Publishing a consultation, Increasing diversity and social mobility in the legal workforce: transparency and evidence, the LSB said that ‘embedding transparency as a regulatory requirement will provide consumers (both corporate and individual) with better information, and enable firms or chambers to demonstrate their competitive edge based on a culture and ethos that values diversity’.
The LSB said that ‘the picture at the more senior levels is still one of white male dominance’.
The LSB wants information on age; race; disability; religion or belief; gender reassignment; sex; pregnancy and maternity; sexual orientation; and socio-economic background. This will be gathered for all lawyers; barristers; paralegals; legal secretaries; and other support staff who directly support the delivery of legal services.
LSB chair David Edmonds said: ‘While there has been positive work on widening access to the legal profession, there are apparent continuing inequalities. Through these measures there will be greater transparency and sharper scrutiny by regulators and consumers based on published data. Appropriate policies can then be developed on the basis of the evidence we collect.’
The LSB says in its consultation paper: ‘We do not underestimate the scale of the challenge that we and approved regulators face – it is one that has been grappled with since at least the time of the Benson Commission on Legal Services in the late 1970s. There is no silver bullet, and the proposals outlined in this consultation paper are not the whole answer.
‘The most sophisticated and powerful consumers are already choosing suppliers of legal services partly because of their performance in relation to equality and diversity.
‘We are not proposing that there should at this stage be any regulatory requirement on entities to take action to improve the representation of particular groups in their workforce.

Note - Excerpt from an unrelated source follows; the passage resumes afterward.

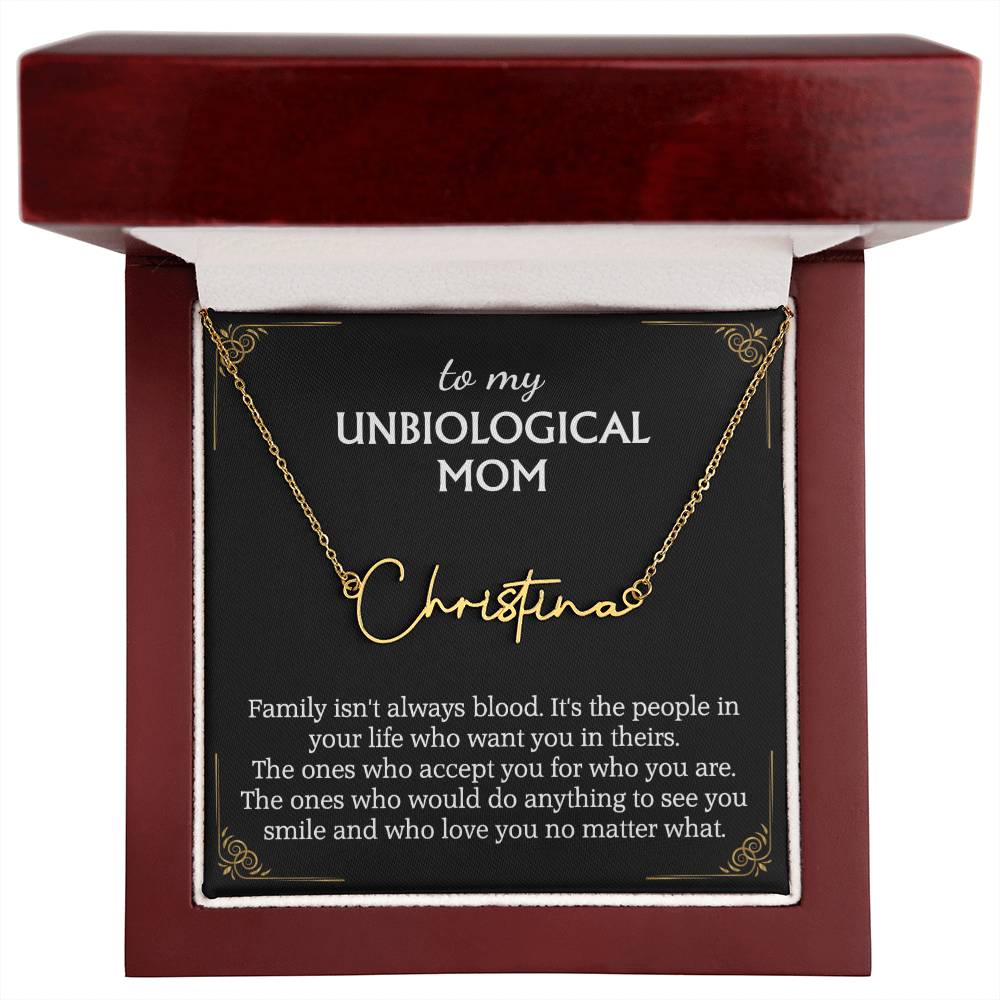 To My Unbiological Mom Signature Style Name Necklace for Bonus Mom Mother in Law Gifts Mothers Day Gifts Christmas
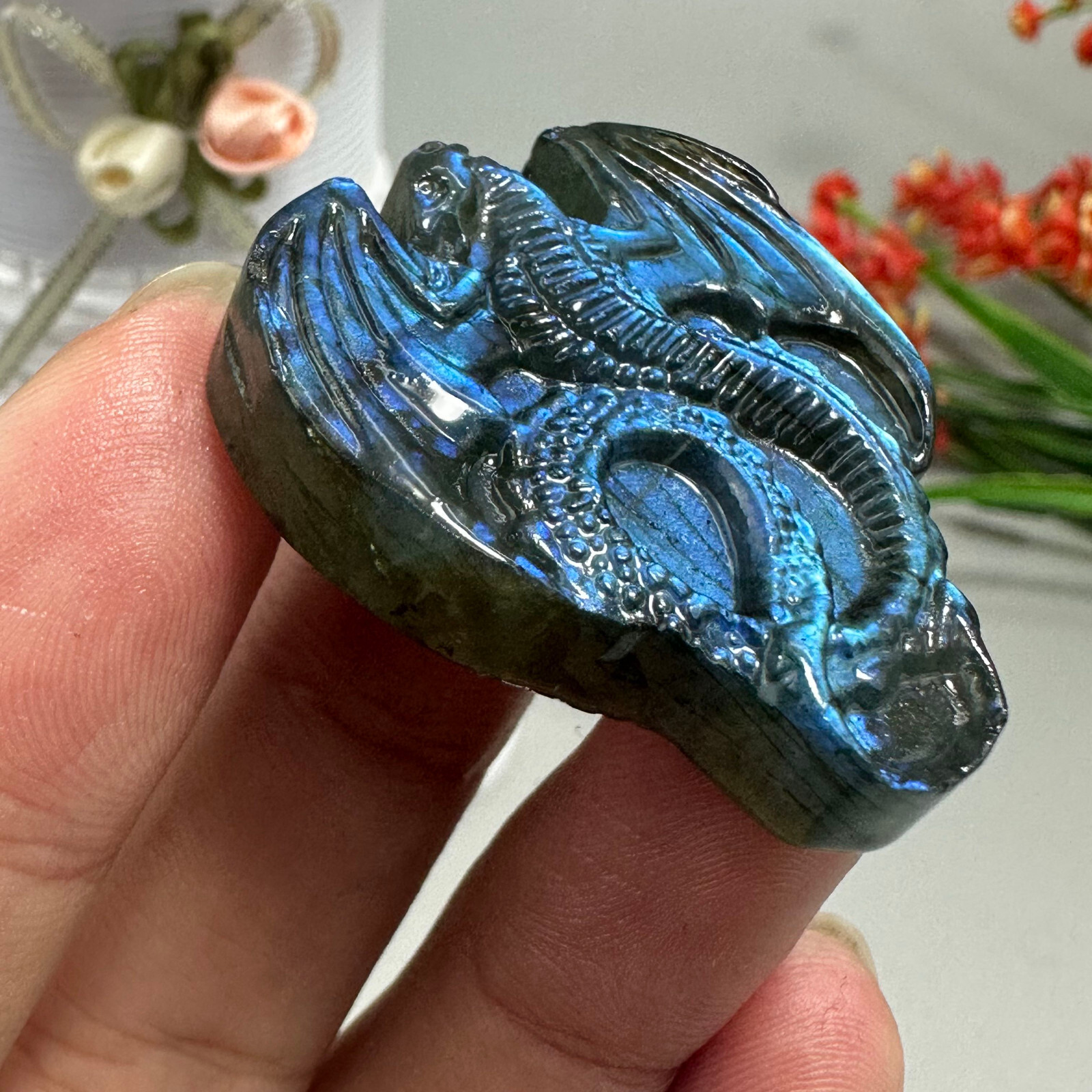 Natural Labradorite Carved dragon Quartz Skull Crystal Specimen Healing 1PC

‘We do not think the case is yet made for regulators to set targets for firms (or indeed for us to set targets for approved regulators). We consider that transparency and greater clarity about the existing makeup of the profession will encourage more firms and chambers to take action to deliver diversity. If change does not happen we will listen further to the arguments and consider evidence of the (voluntary) use of targets by firms and chambers.’